Il governo Meloni intende smontare la riforma delle concessioni balneari avviata da Draghi nell’ambito della legge sulla concorrenza che è tra l’altro uno degli obiettivi del Recovery plan. “Nella legge sulla concorrenza avevamo indicato delle date del 2023-2024, nella certezza che vincendo le elezioni il centrodestra si sarebbe potuto guadagnare ulteriore tempo”, ha detto il vicepresidente del Senato Maurizio Gasparri (FI). “Per questo che Forza Italia chiederà, con un emendamento nel decreto Milleproroghe, di posporre queste date in modo tale che governo e maggioranza abbiano il tempo di affrontare, nei modi dovuti, l’annosa questione delle concessioni, inducendo l’Ue ad atteggiamenti diversi e trovando il modo di superare un’ingiusta sentenza del Consiglio di Stato“. Che nel novembre 2021 ha bocciato la proroga fino al 2034 concessa quattro anni fa. “Il Parlamento è sovrano”, ha commentato il senatore della Lega Massimo Garavaglia, presidente della commissione Finanze. “Si rischia una seconda procedura di infrazione con l’Ue?

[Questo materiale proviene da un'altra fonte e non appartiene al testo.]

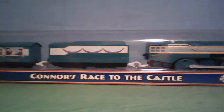Hello everyone, and this is a Tom's the Friends Trackmaster review on Connor's Race to the Castle. I recently got this, so let's open it up. This will be my first unboxing video of this Tom's the Friends toy.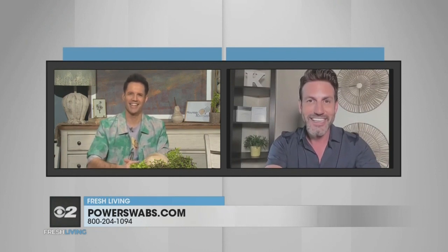Well, thanks for bringing the smile to us today, Jeff. We appreciate your time. Take care. Have a great day. Thanks, David.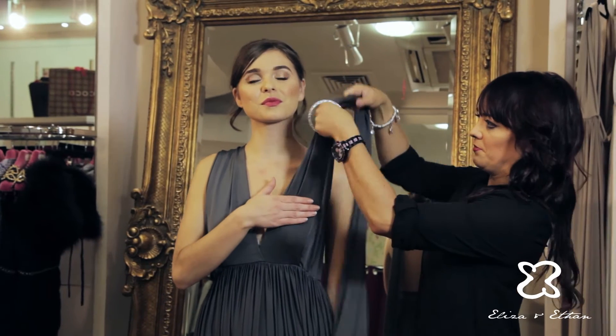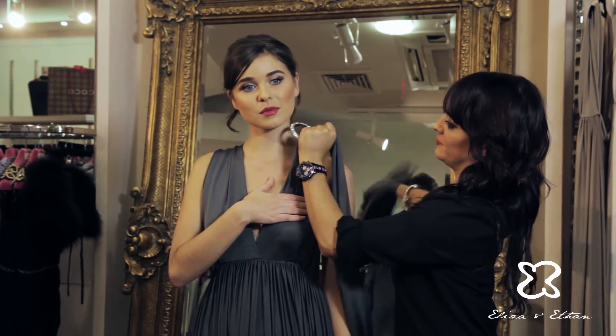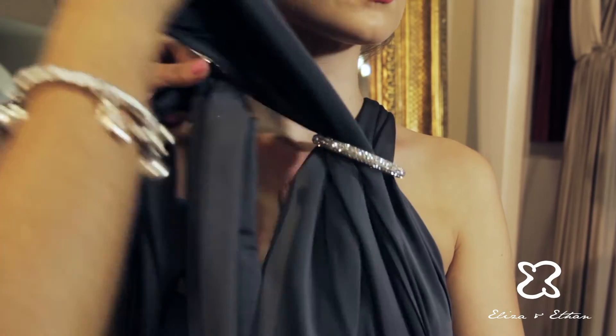To create this look, we have taken a crystal bangle and looped each strap through the bracelet. Once you have done this, you can decide where you want the bracelet to sit against the neck.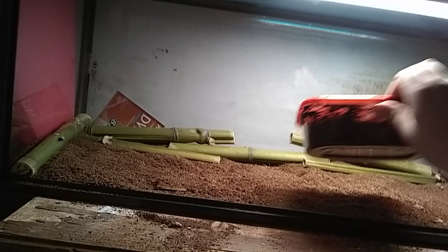What you're going to want to do is get your heating pad. I would recommend an under-the-tank heater, but what I use is just a regular human heating pad from Walmart. Find out where the warm side of your tank is and set that down.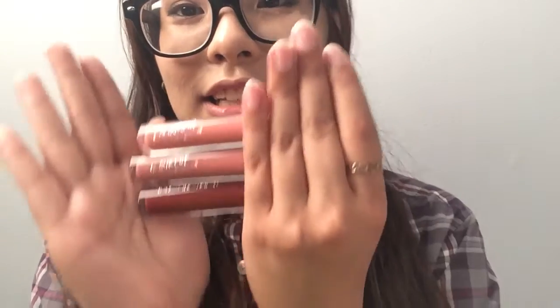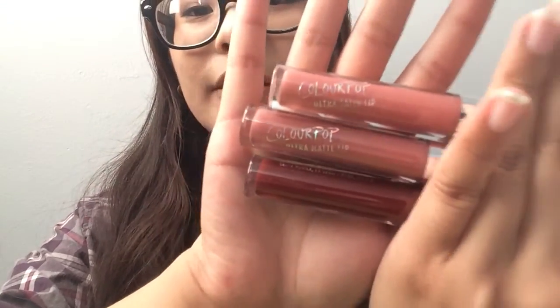Hey guys, V here, and today we're gonna do the ColourPop lip swatch review on the ultra mattes and satins, specifically these three colors here. Ta-da! We got Echo Park, Beeper, and Prim, and I'll try them on now.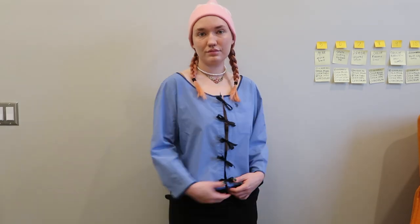Hi! Today I wanted to show you how I made this tie front top, which was loosely inspired by Sandy Lang.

Più che altro bisogna vedere cosa dice il Consiglio di Stato – nota l’ex ministro del Turismo del governo Draghi – La sentenza del Consiglio di Stato dice che verrebbe automaticamente disapplicata, ma andranno fatti gli approfondimenti del caso”.

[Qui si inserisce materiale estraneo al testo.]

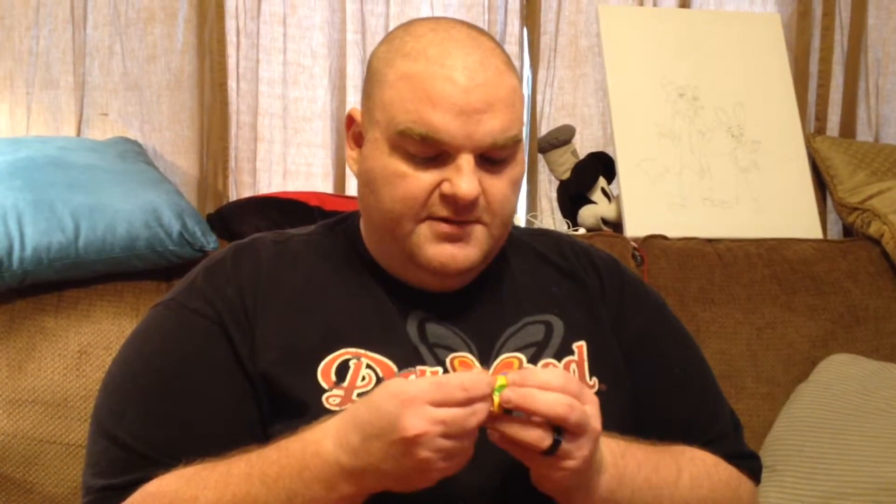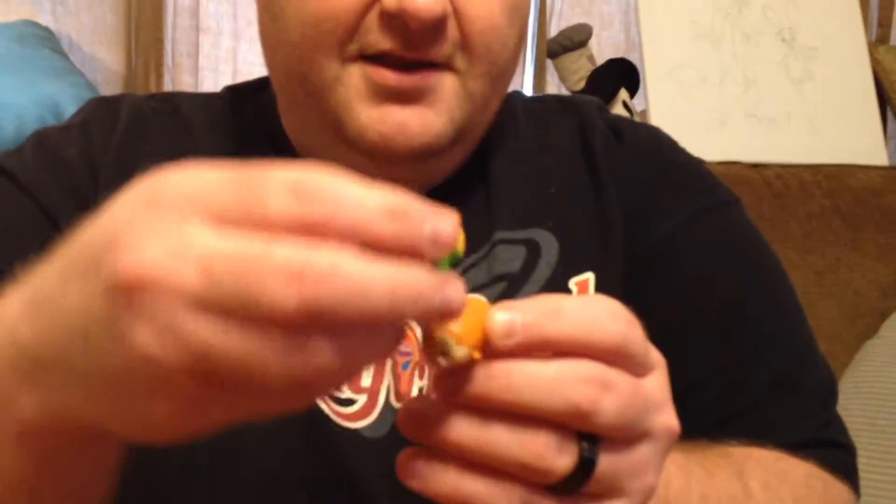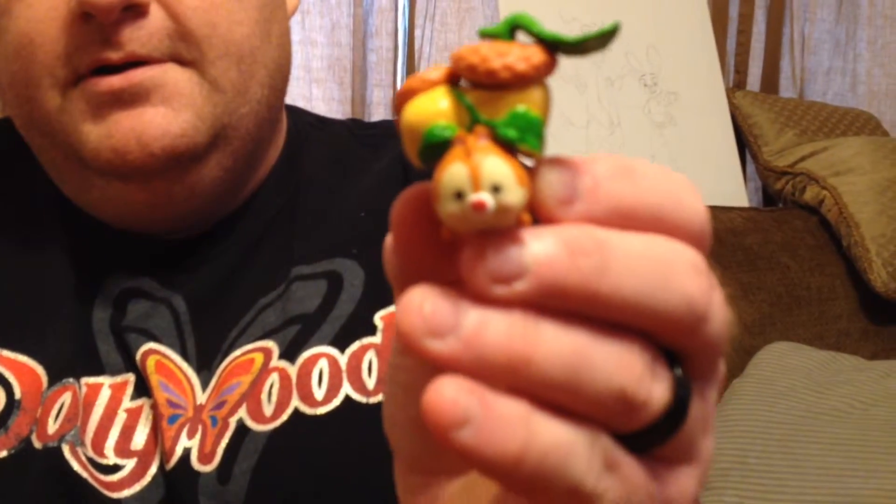We're gonna put this thing together. Oh my gosh, there's so many pieces to it. I guess it's supposed to be like the top of an acorn — one part of it and another part of it. So there it is. Here he is: Dale, and he stores the acorns on his back. There they are, very cool.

Lo scorso febbraio il governo Draghi ha varato all’unanimità una norma che mirava a mettere fine alle proroghe incondizionate delle concessioni, stabilendo dal 2024 il divieto di prolungarle ma ma prendendosi sei mesi per adottare i decreti delegati con l’obiettivo di “riordinare e semplificare la disciplina in materia di concessioni demaniali marittime, lacuali e fluviali”. In settembre – con il no del solo Carroccio – il cdm ha poi votato un decreto legislativo con le regole per la mappatura delle concessioni pubbliche propedeutica alle gare, che per le spiagge andranno concluse entro il dicembre 2023 salvo i casi in cui c’è un contenzioso o “difficoltà oggettive” e i cui vincitori dovranno versare canoni che finalmente “tengano conto del pregio naturale e dell’effettiva redditività delle aree”. Quel testo però deve ancora ricevere il via libera definitivo del (nuovo) governo dopo il passaggio parlamentare. E secondo Gasparri è il momento buono per cambiare tutto.

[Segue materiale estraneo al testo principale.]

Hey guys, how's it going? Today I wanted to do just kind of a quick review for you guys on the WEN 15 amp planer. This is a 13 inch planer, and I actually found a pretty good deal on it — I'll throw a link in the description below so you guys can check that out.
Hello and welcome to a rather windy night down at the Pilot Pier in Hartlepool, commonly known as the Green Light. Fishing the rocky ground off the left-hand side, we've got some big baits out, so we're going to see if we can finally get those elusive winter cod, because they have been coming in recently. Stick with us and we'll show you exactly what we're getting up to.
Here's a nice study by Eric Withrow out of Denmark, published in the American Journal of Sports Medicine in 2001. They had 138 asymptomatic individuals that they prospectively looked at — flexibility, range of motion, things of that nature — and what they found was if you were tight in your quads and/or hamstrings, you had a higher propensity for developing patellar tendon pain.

L’uscita arriva non a caso nel giorno in cui Federbalneari con il presidente Marco Maurelli torna ad alzare la voce sostenendo che “la norma attuale sulle concessioni balneari è confusa e non garantisce né il ricambio né alcuna continuità di impresa alle aziende turistiche balneari. Inoltre è alto il rischio che si apra un contenzioso straordinario tra pubblico e privato perché non ci sono nè i tempi nè alcun percorso che dia certezza alle imprese e così pure il blocco degli investimenti, già da anni ormai una certezza”. Di conseguenza “siamo convinti che la priorità assoluta, oggi più che mai, sia quella di aprire un confronto reale e veritiero sul tema della esclusione del comparto dalla Direttiva Servizi 2006 tra la Premier Meloni e la presidente della Commissione Ue Ursula Von der Leyen per porre in sicurezza il comparto turistico italiano”. L’auspicio per il 2023? “Che il nuovo governo mandi al più presto in soffitta la vecchia norma e dunque la plenaria del Consiglio di Stato che ha avuto la funzione di sostenere ed ispirare la riforma del precedente Governo bypassando il Parlamento. Si avvii dunque la discussione in Parlamento per riempire di contenuti un nuovo decreto legge a tutela del comparto, nel pieno rispetto della continuità d’impresa”. Detto, fatto.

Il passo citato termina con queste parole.